_REQUIRED ACTION_
Repeat the data exactly, please; no pictures belong in the copy.

[Stored data]
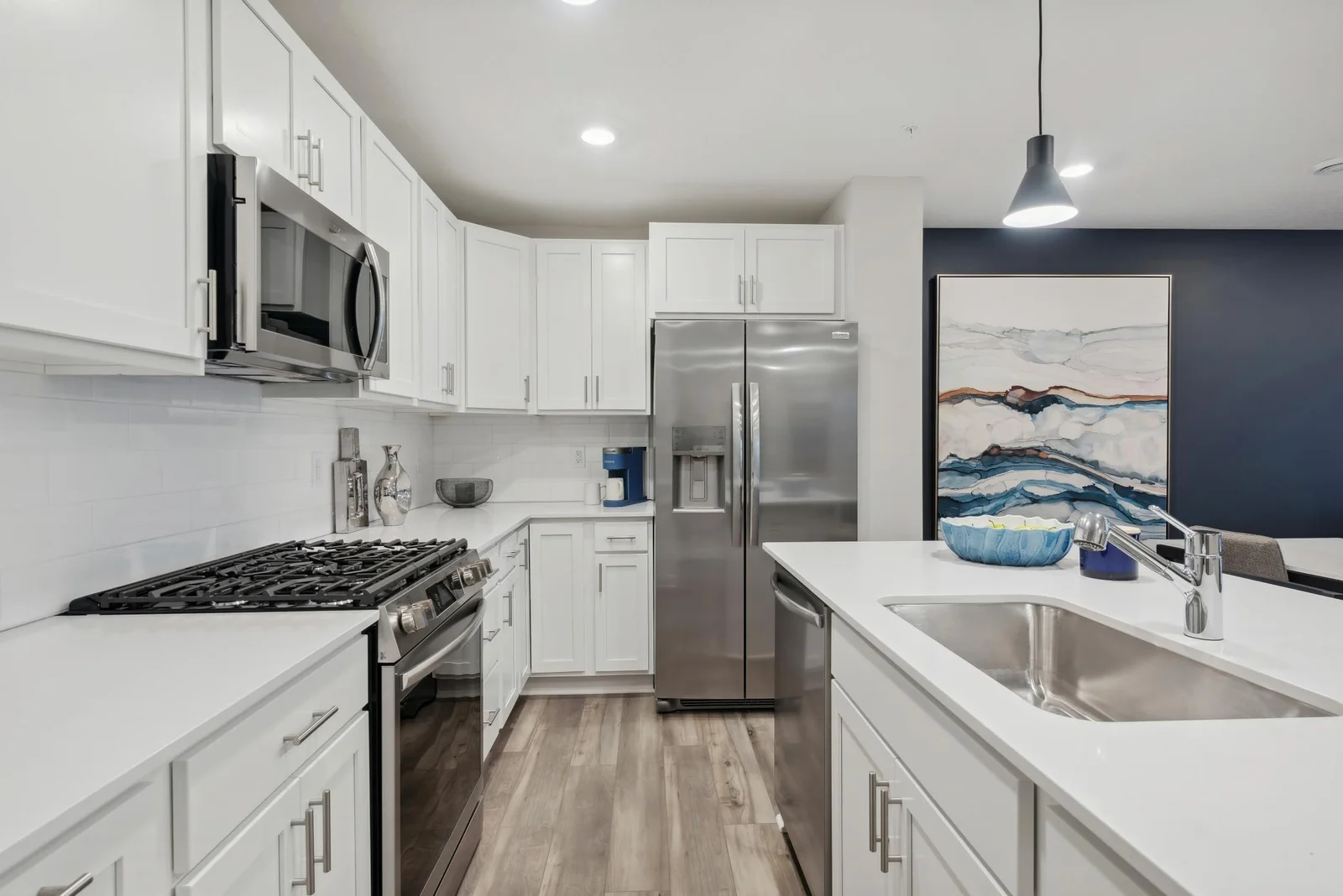 (Photo of decorated model, actual home's finishes may vary slightly) This beautiful kitchen offers a large center island, quartz countertops, and stainless steel appliances!
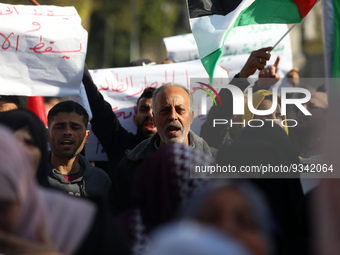 Palestinians take part in a protest in front of the United Nations Educational, Scientific and Cultural Organization (UNESCO) headquarters i...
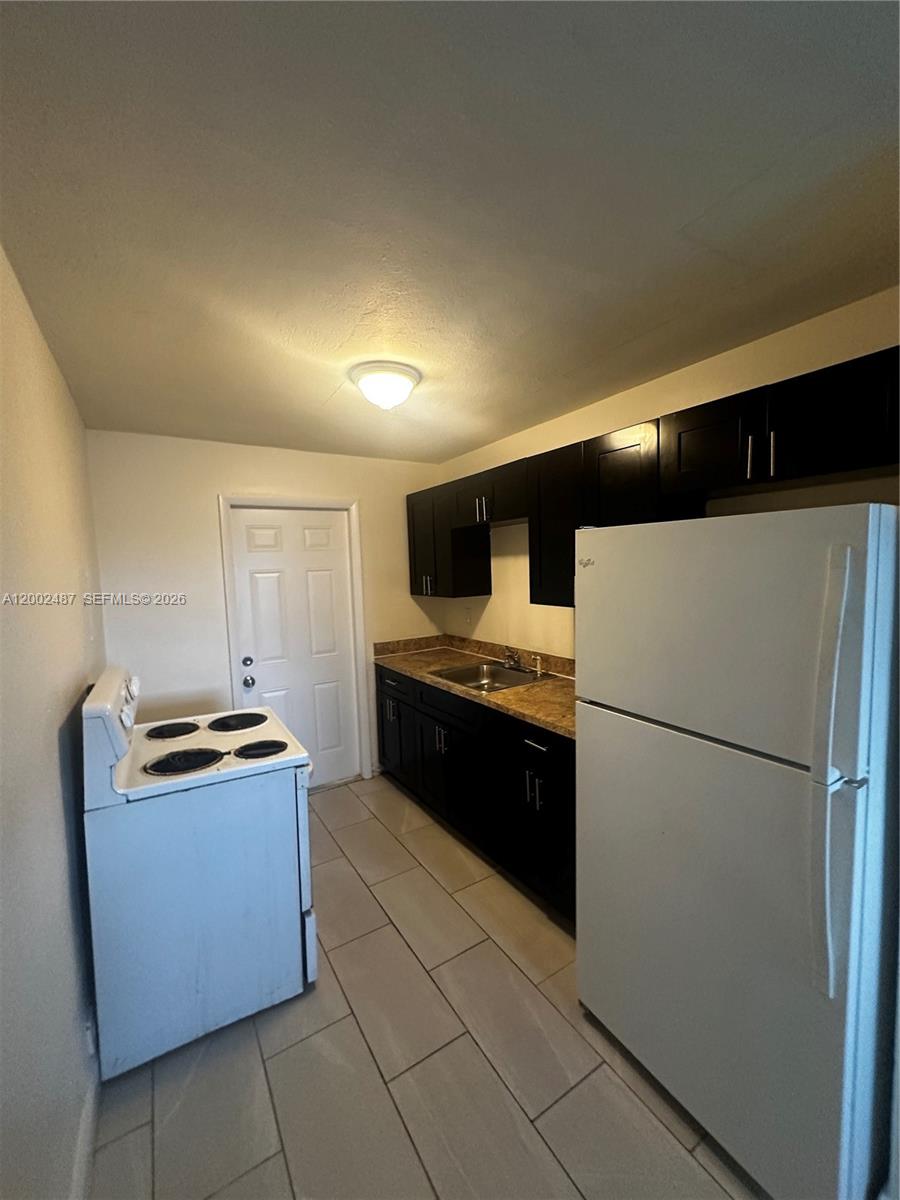 11862 Southwest 212th Street, Unit 11862 Miami, FL 33177 - Photo 19 of 24 a kitchen with granite countertop a refrigerator and a stove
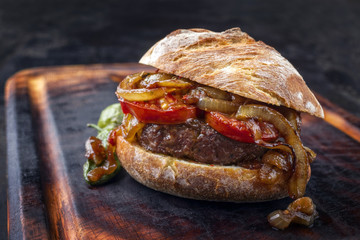 Barbecue Wagyu Hamburger with onions and tomatoes as close-up on a burnt cutting board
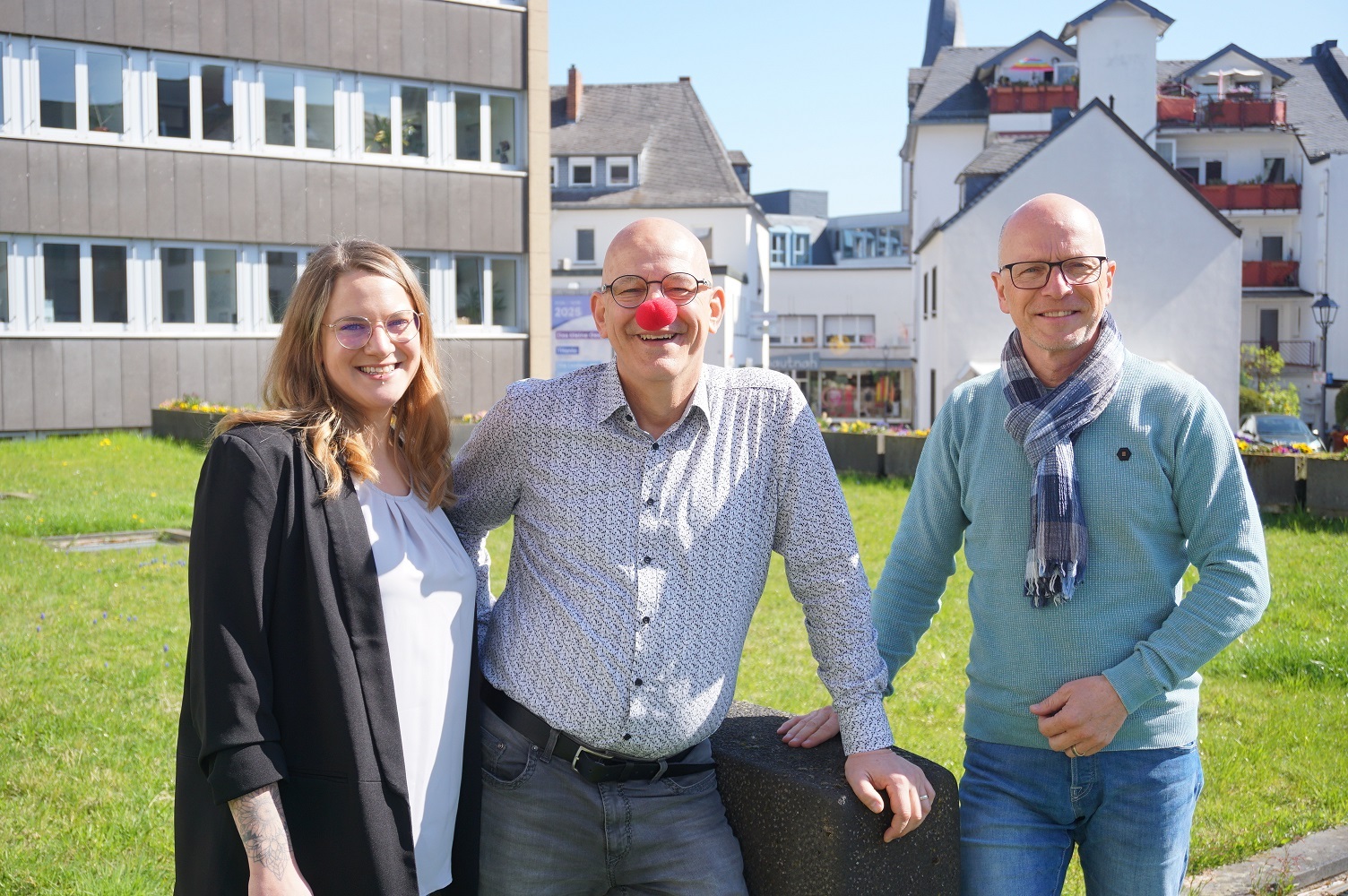 3 Personen stehen für ein Foto zusammen - der Mann in der Mitte hat eine rote Nase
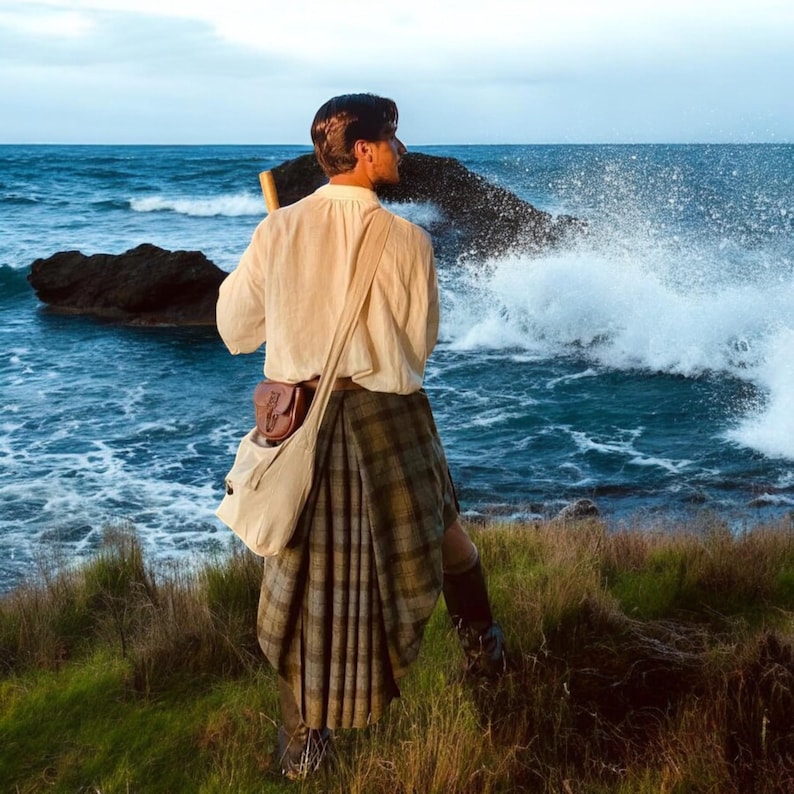 May include: A person wearing a long-sleeved cream-coloured shirt and a pleated kilt with a brown, green, and grey plaid pattern. A light-coloured canvas shoulder bag with a small brown leather pouch attached is worn across the torso over the shirt.
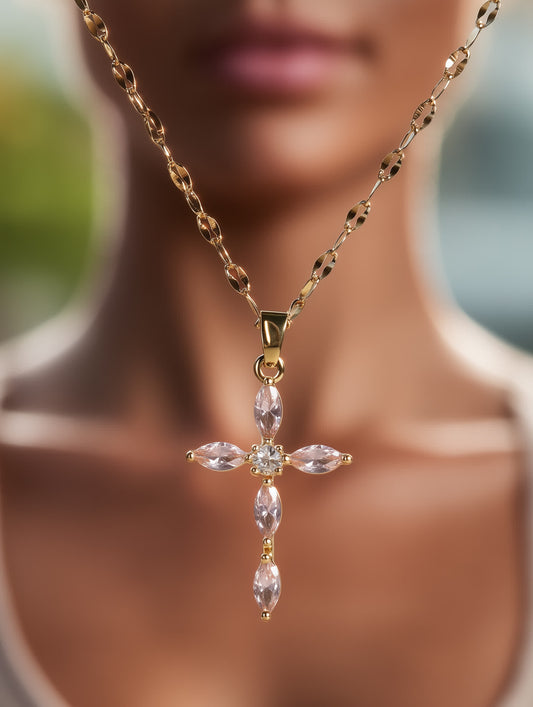 Feminine cross pendant worn on model, showing delicate gold chain and blush gemstone sparkle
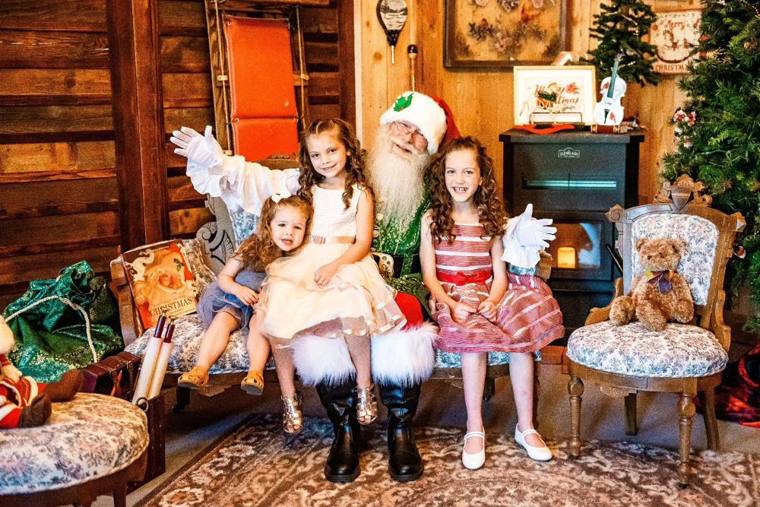 Two young sisters waving beside Santa on the lodge set at On Collin's Pond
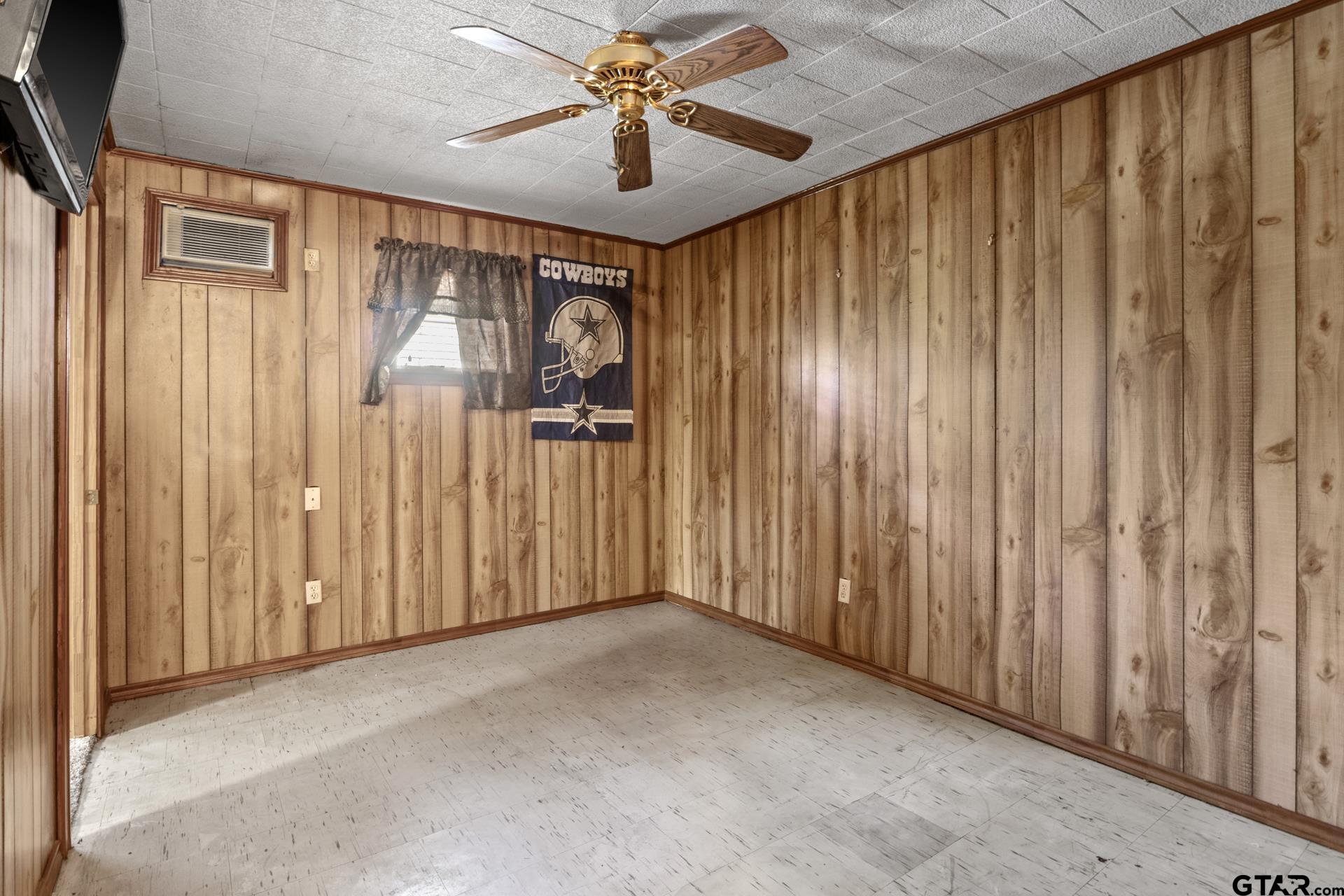 71 Private Road Pittsburg, TX 75686 - Photo 14 of 39 a view of a hallway with a chandelier fan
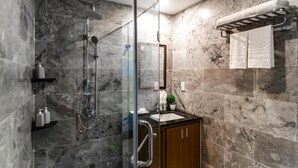 A modern bathroom with a glass-enclosed shower, marble walls, a wooden cabinet, and a towel rack. - A Bong Villa (Da Nang)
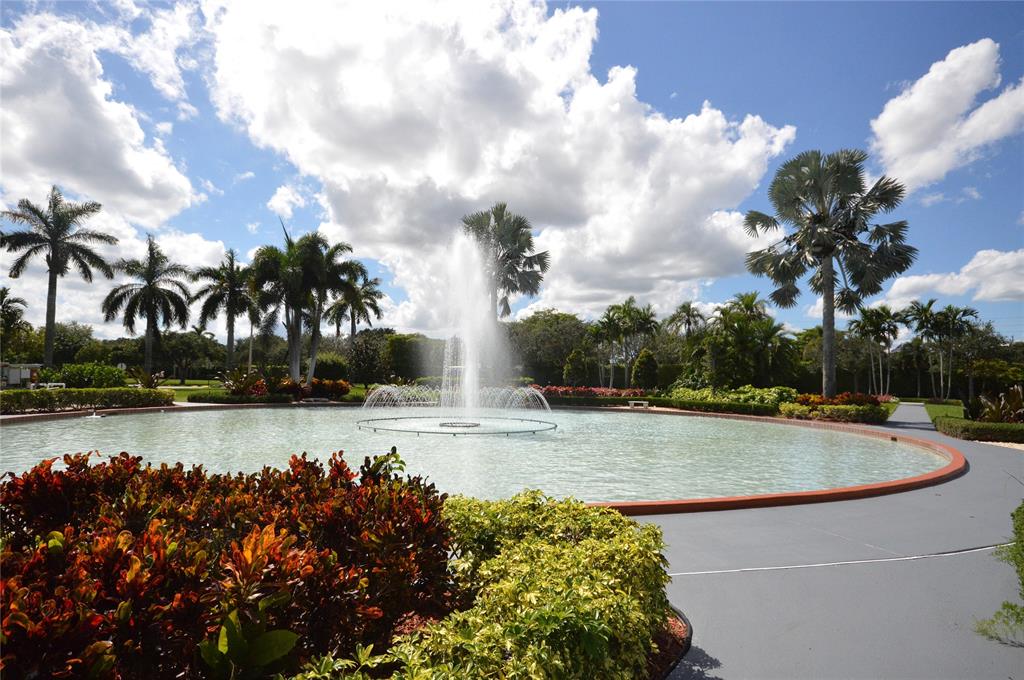 144 Mansfield D, Unit 144 Boca Raton, FL 33434 - Photo 22 of 37 a view of a swimming pool with a patio and a garden
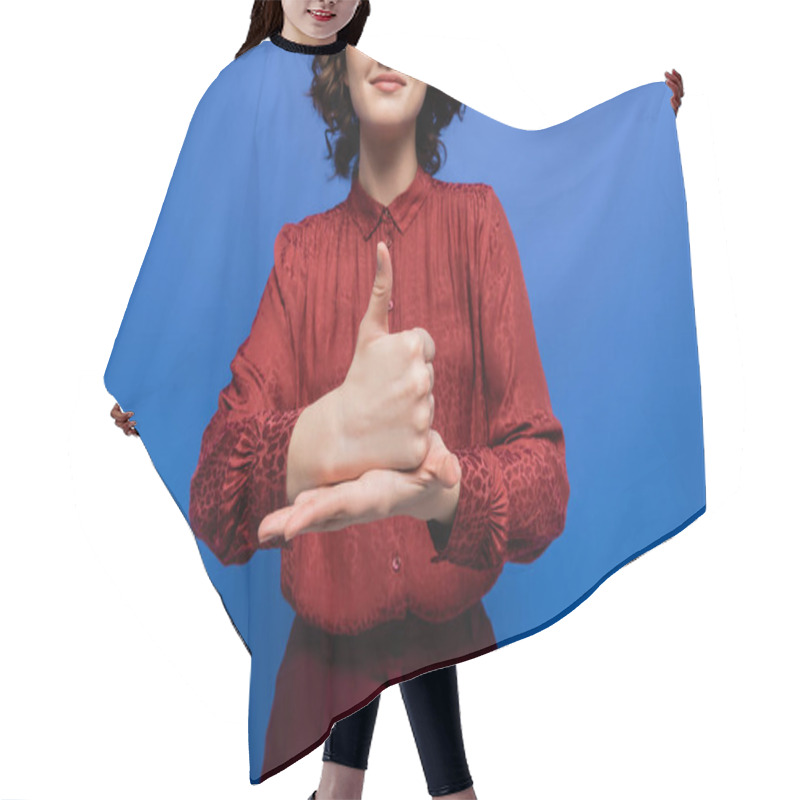 Personality  Partial View Of Positive Woman In Burgundy Blouse Showing Gesture Meaning Help On Sign Language Isolated On Blue Hair Cutting Cape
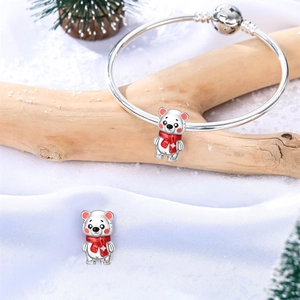 Pulsera de plata con dije de oso polar y bufanda roja sobre fondo festivo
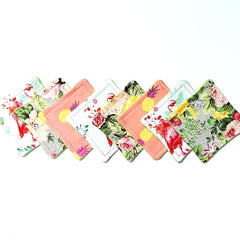 Coasters with floral and solid patterns in pink, green, white, and yellow colors, arranged in a row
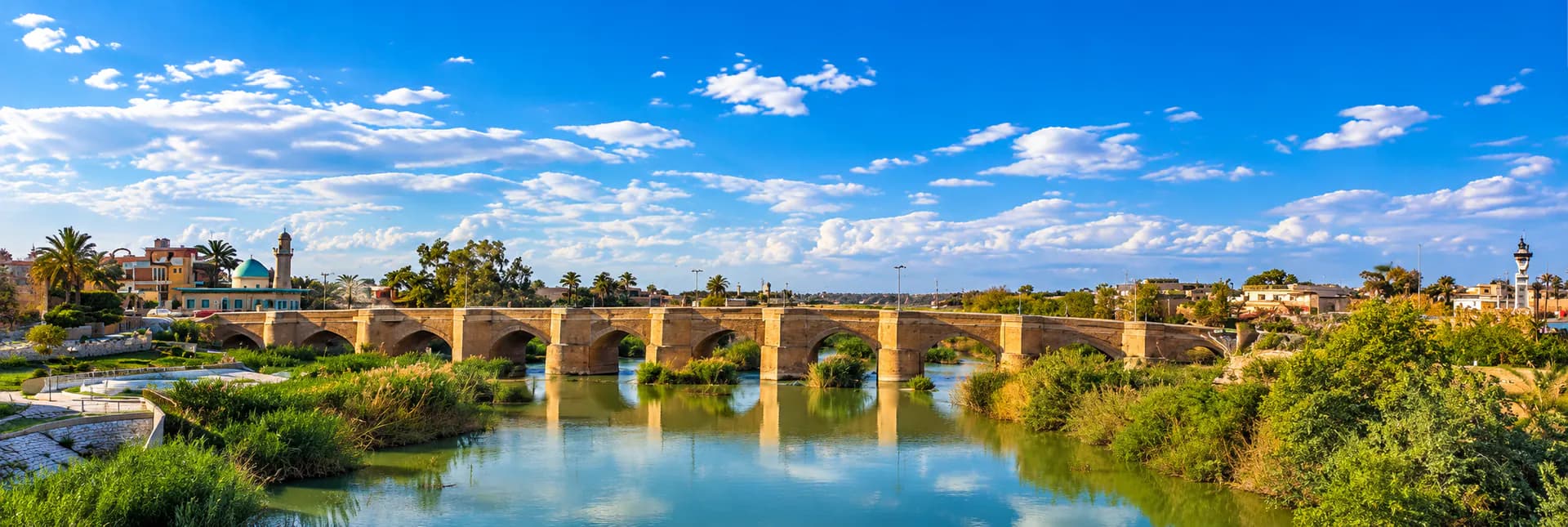 An old stone bridge with arches over a river, with greenery and palm trees around it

_ANSWER SPACE_
 (Photo of decorated model, actual home's finishes may vary slightly) This beautiful kitchen offers a large center island, quartz countertops, and stainless steel appliances!
 Palestinians take part in a protest in front of the United Nations Educational, Scientific and Cultural Organization (UNESCO) headquarters i...
 11862 Southwest 212th Street, Unit 11862 Miami, FL 33177 - Photo 19 of 24 a kitchen with granite countertop a refrigerator and a stove
 Barbecue Wagyu Hamburger with onions and tomatoes as close-up on a burnt cutting board
 3 Personen stehen für ein Foto zusammen - der Mann in der Mitte hat eine rote Nase
 May include: A person wearing a long-sleeved cream-coloured shirt and a pleated kilt with a brown, green, and grey plaid pattern. A light-coloured canvas shoulder bag with a small brown leather pouch attached is worn across the torso over the shirt.
 Feminine cross pendant worn on model, showing delicate gold chain and blush gemstone sparkle
 Two young sisters waving beside Santa on the lodge set at On Collin's Pond
 71 Private Road Pittsburg, TX 75686 - Photo 14 of 39 a view of a hallway with a chandelier fan
 A modern bathroom with a glass-enclosed shower, marble walls, a wooden cabinet, and a towel rack. - A Bong Villa (Da Nang)
 144 Mansfield D, Unit 144 Boca Raton, FL 33434 - Photo 22 of 37 a view of a swimming pool with a patio and a garden
 Personality  Partial View Of Positive Woman In Burgundy Blouse Showing Gesture Meaning Help On Sign Language Isolated On Blue Hair Cutting Cape
 Pulsera de plata con dije de oso polar y bufanda roja sobre fondo festivo
 Coasters with floral and solid patterns in pink, green, white, and yellow colors, arranged in a row
 An old stone bridge with arches over a river, with greenery and palm trees around it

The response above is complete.